C’était en 1969. À cette époque, la France des Trente Glorieuses dansait encore sur les ondes de Salut les copains, mais un nouveau souffle rock, plus sombre et magnétique, s’apprêtait à déferler sur nos radios. Le riff de guitare de Venus a soudainement envahi tous les juke-boxes de l’Hexagone, de Paris à Marseille. Avec son regard de braise souligné par un khôl épais et sa chevelure noire de jais, Mariska Veres, la chanteuse du groupe Shocking Blue, est devenue instantanément une icône, un sex-symbol absolu pour une jeunesse française en pleine mutation. Pourtant, derrière cette image de femme fatale qui enflammait les pistes de danse des boîtes de nuit les plus branchées, se cachait une réalité que personne ne soupçonnait.
Dans les coulisses de cette ascension fulgurante, la vie de Mariska Veres était aux antipodes des excès habituels des rock stars de la fin des années 60. Alors que le show-business français voyait ses propres idoles se perdre parfois dans les dérives de la gloire, Mariska restait une figure d’une sobriété déconcertante. Elle ne fumait pas, ne buvait pas une goutte d’alcool et fuyait les mondanités qui faisaient pourtant partie intégrante du quotidien des stars de l’époque. Pour elle, le succès n’était qu’un travail, une prestation scénique intense derrière laquelle se terrait une personnalité introvertie, presque effacée, loin de l’aura de vamp qu’elle projetait sous les projecteurs des plateaux télévisés.
Ce contraste saisissant entre la femme et l’icône explique sans doute pourquoi le souvenir de Mariska Veres demeure si intact dans nos mémoires collectives. Elle ne jouait pas le rôle de la rockeuse maudite ; elle habitait simplement ses chansons avec une puissance vocale rare. Lors de ses passages remarqués à la télévision française, elle captivait les foyers, transformant les salons familiaux en scènes de concert improvisées. Les disques 45 tours de Shocking Blue tournaient inlassablement, portés par cette voix grave qui semblait porter en elle tout le mystère d’une époque charnière, juste avant que le disco ne vienne uniformiser les dancefloors.
Ce qui rend son histoire si fascinante aujourd’hui, c’est cette capacité qu’elle avait à rester pure dans un milieu où la pression du paraître était constante.
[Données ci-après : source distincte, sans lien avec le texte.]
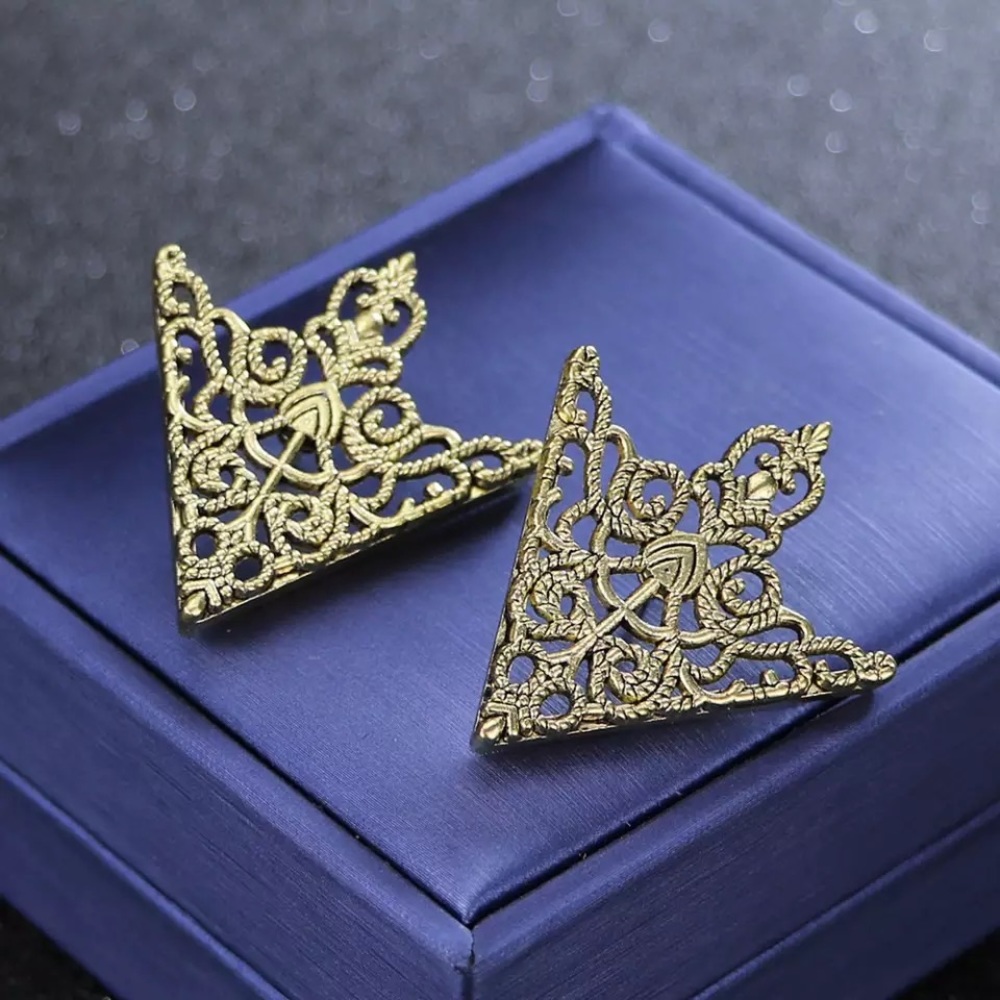 Goth Triangular Hollow Filigree Collar Tip Pins - Picture 5 of 16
Mariska Veres ne cherchait jamais la provocation gratuite, elle imposait sa présence par son talent brut. À une période où les scandales de presse et les dramas rythmaient la vie des vedettes françaises, son refus de se plier aux codes de la jet-set restait une anomalie silencieuse mais puissante. Elle était la star dont on ne savait finalement rien, si ce n’est qu’elle possédait ce don rare de nous faire oublier nos soucis le temps d’une chanson.
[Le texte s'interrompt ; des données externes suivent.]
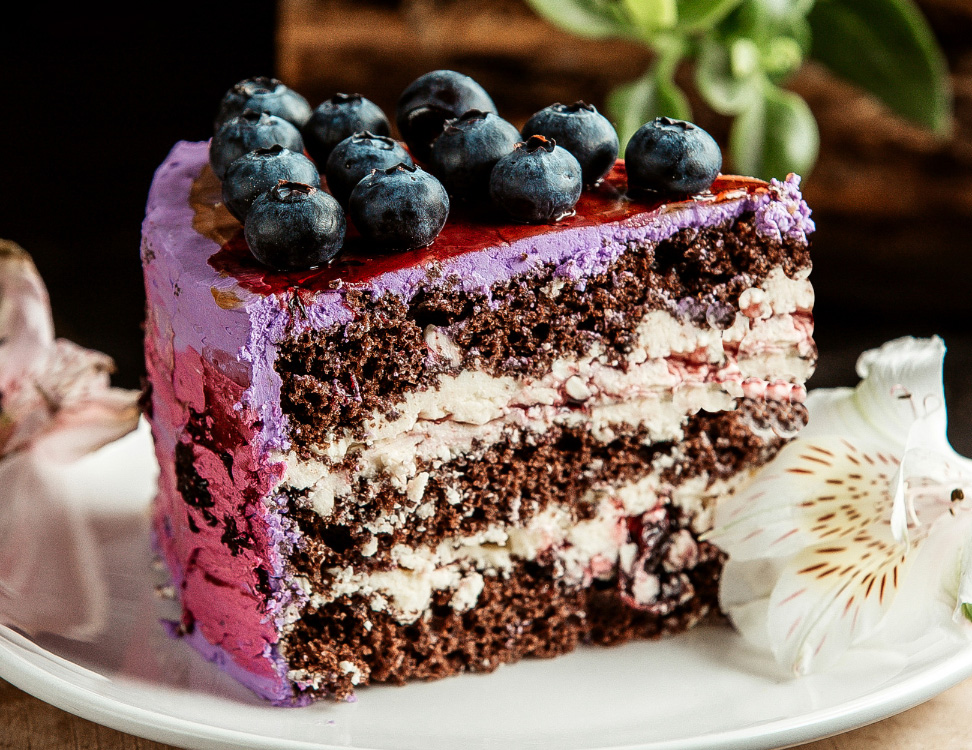 Image of a blueberry cake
Plus de cinquante ans après le raz-de-marée de Venus, son héritage reste gravé dans le paysage musical français. Chaque fois que les premières notes de ce tube légendaire retentissent, c’est tout un pan de notre jeunesse qui resurgit. On se revoit, adolescent, devant un poste de radio à galène, ou plus tard, dans un bal du 14 juillet, emporté par ce rythme irrésistible. Mariska Veres n’était pas qu’une chanteuse de passage ; elle était le visage d’une époque où la musique, malgré ses zones d’ombre, savait encore nous transporter avec une élégance troublante et sincère.